She’s called a six-rayed sea star.

That’s one arm more than most sea stars.

And she’s way smaller, about the size of a bottle cap.

She lives in Northern California’s intertidal zone — where the land and sea collide.

The crashing waves and hungry predators make it a rough neighborhood to raise kids in.

So she protects them under that baby bump.

Scientists call this brooding, which is an unusual behavior for this type of sea creature.

Most sea stars and their cousins, like sand dollars … and sea urchins … take a sort of free-range approach to raising their kids.

They’re broadcast spawners.

Adults release enormous numbers of eggs … and sperm … right into the water.

They meet and develop into young.

They grow up all on their own.

Only the luckiest make it to adulthood.

Six-rayed sea star moms take the opposite approach.

They have fewer babies and are extremely involved in their kids’ lives.

She carefully cleans and caresses her growing brood with her delicate feet.

Tending to these cuties means their mom doesn’t eat for three whole months.

Because she cares so much … and because the babies are literally right in front of her mouth.

The growing kids hold onto her and their siblings with these three stubby, temporary limbs, called brachiolar arms.

As the larvae develop they don’t eat either.

They don’t even have a mouth!

Instead, they survive off of stored energy already inside them.

After about a month, six brand new arms start to pop out.

And, they grow their very first tube feet.

Awww.

They reabsorb those brachiolar arms.

And finally begin to resemble mini-versions of their mom.

When they’re big enough, the precious snowflakes venture out on their own.

You can’t stay with mom forever.

With their long, gangly tube feet, the baby sea stars are like puppies that haven’t grown into their oversized paws yet.

It’s time to track down their first meal.

Adult sea stars eat shellfish like barnacles and snails.

Baby sea stars go after the baby versions.

It’s a baby-eat-baby world out here!

The tiny sea star wraps its arms around its prey …

… and extends its stomach into the snail’s shell, digesting it alive.

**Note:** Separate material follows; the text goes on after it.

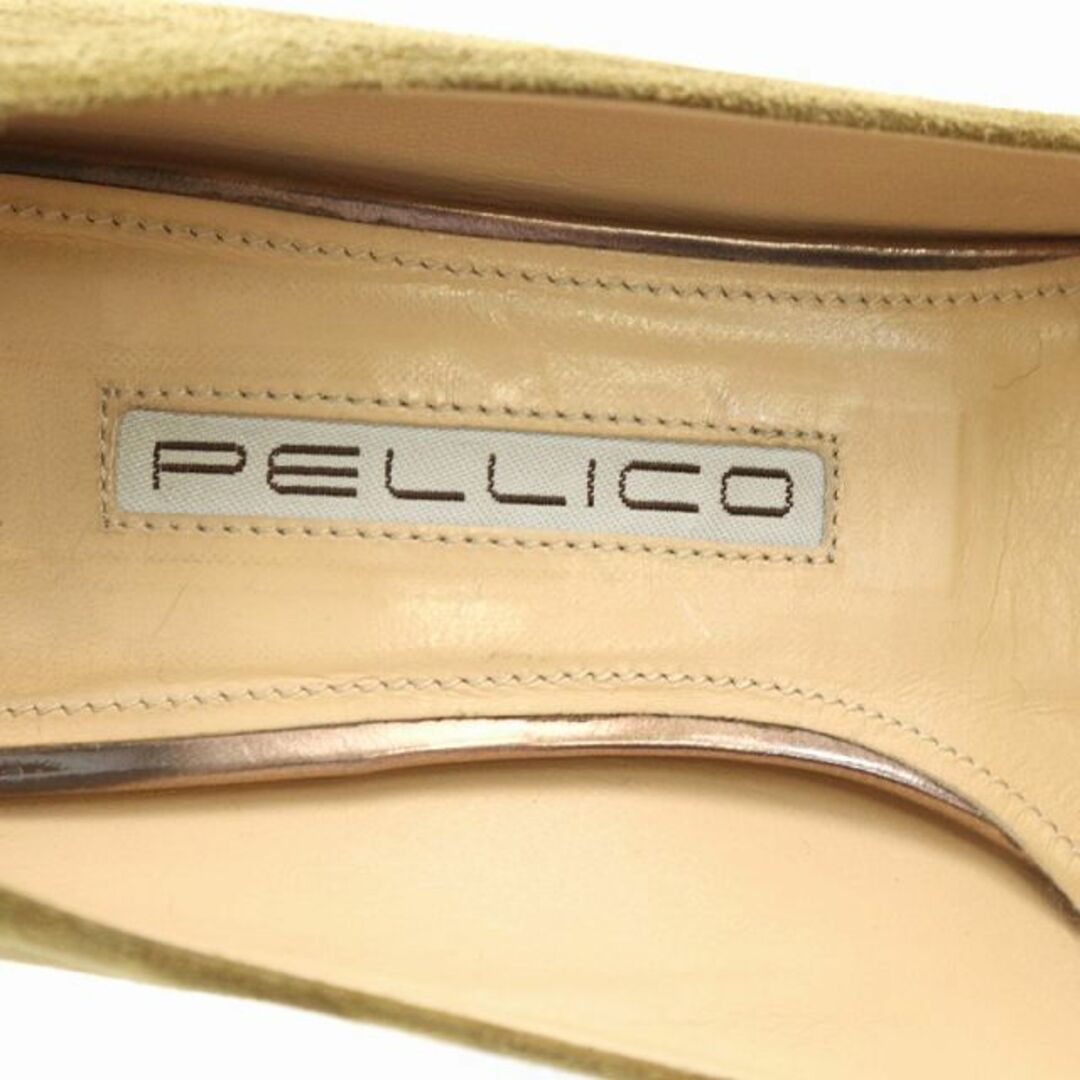 PELLICO(ペリーコ)のペリーコ パンプス ポインテッドトゥ スエード 35 22.5cm 茶 ブラウン レディースの靴/シューズ(ハイヒール/パンプス)の商品写真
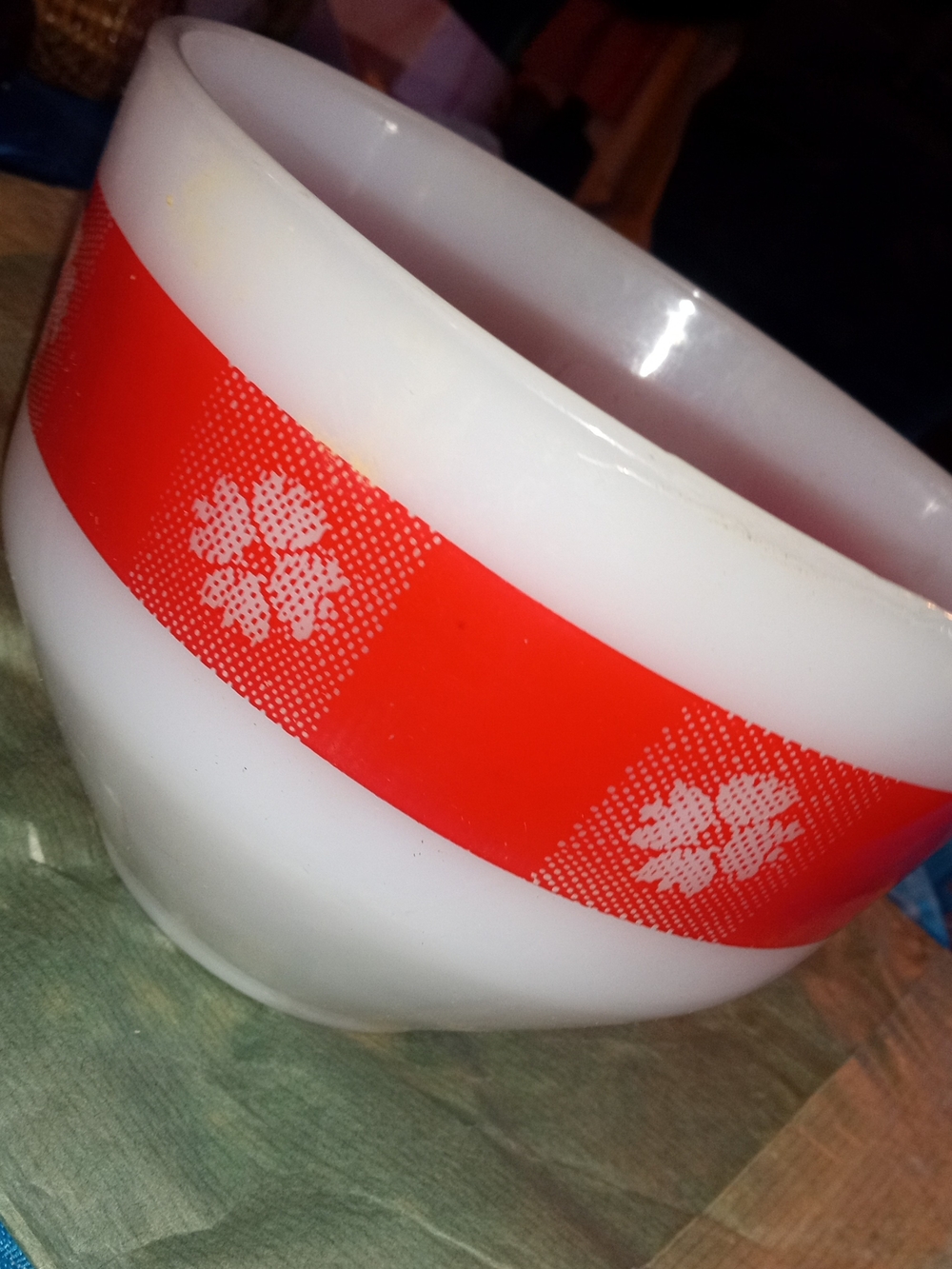 vintage Federal Glass mixing bowl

Some may say they’re coddled, but all that extra attention during those crucial early months gives these little six-rayed sea stars a better chance of making it big.

Hey!

Deep Look could use some coddling too.

Join us on Patreon so we can keep making tiny ocean stories for you.

Like how sea urchins have a tumultuous youth.

Or how sand dollars munch on metal to keep from getting swept away.

Enjoy!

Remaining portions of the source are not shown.